This post was inspired by G. Gigerenzer's book, Gut Feelings: The Intelligence of the Unconscious. I'm drawing an analogy that I think informs us about how science works, at least from what I understand from the history of science. It also seems to resonate with the reflections of current alignment researchers, for example, see Richard's post Intuitions about solving hard problems.

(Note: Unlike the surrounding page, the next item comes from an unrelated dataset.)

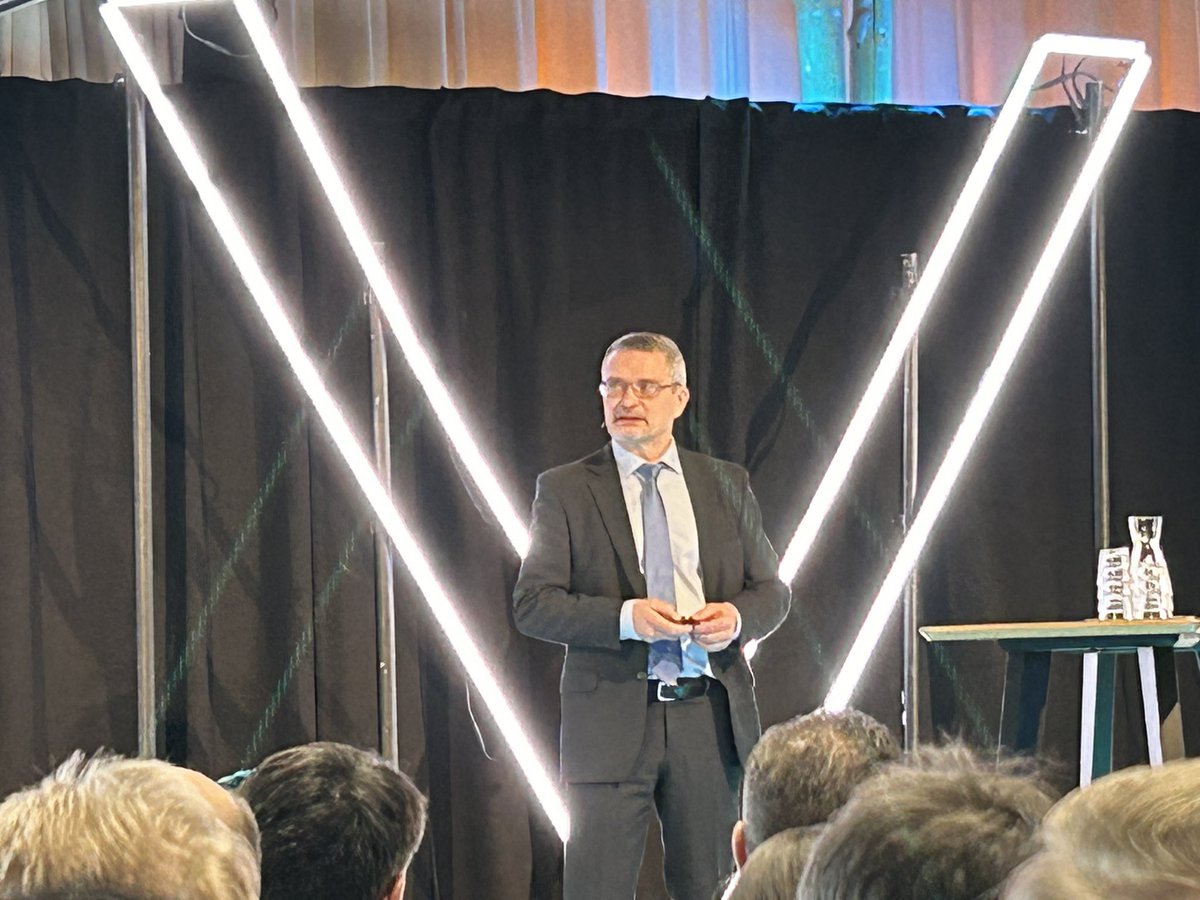 Saarimaki's tweet photo. .@vaylafi pääjohtaja @KWihlman korostaa omassa puheenvuorossaan #väylä2024 seminaarissa mm kustannusten nousun perusväylänpidolle tuomia haasteita. https://t.co/nFalVfS0bF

Imagine that you ask a professional baseball player, let's call him Tom, how does he catch a fly ball? He takes a moment to respond realizing he's never reflected on this question before and ends up staring at you, not knowing how or what is there exactly to explain. He says he's never thought about it. Now imagine that you ask his baseball coach what's the best way to catch the ball. The coach has a whole theory about it. In fact, he insists that Tom and everyone on the team should follow one specific technique he thinks it's optimal. Tom and the rest of the team go ahead and do what the coach said (because they don't want to get yelled at even though they've been doing fine so far). And lo and behold the team misses the ball more often than before.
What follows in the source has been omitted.